Garreg Fawr / Ystrad Iron Mines

Garreg Fawr / Ystrad Iron Mines

Date

12 July 2014
Location

Betws Garmon

SH 54415 57925; 53.09859°N, 4.17583°W

Information

Visible from a distance as a diagonal gash in the mountainside above Betws Garmon, the workings for iron on the western flank of Moel Eilio form a series of opencuts and adits. These were operated as two separate concerns, divided by an opposing diagonal created by a parish boundary wall. The lower was known as the Ystrad or Silurian mine, the upper as Garreg Fawr.
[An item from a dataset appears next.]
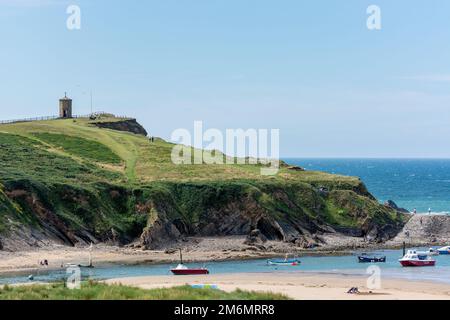 BUDE, CORNOVAGLIA/UK - AGOSTO 15 : Spiaggia e porto a Bude in Cornovaglia il 15 Agosto 2013. Persone non identificate. Foto Stock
Up until 1900, Ystrad mine consisted only of small opencast workings and was developed on a larger scale from 1909 by the Bettws Garmon Iron Ore and Smelting Company. A tramway connected the mine to the North Wales Narrow Gauge Railway (NWNGR) – the forerunner of the Welsh Highland Railway (WHR). The company soon changed its name to the Phosphoric Iron Ore Company. In financial straits, it was taken over (on paper) in 1913 by a new entity, the Silurian Iron Ore Company, the former company’s assets, but not its liabilities, being transferred to the new company. The mine closed in 1919.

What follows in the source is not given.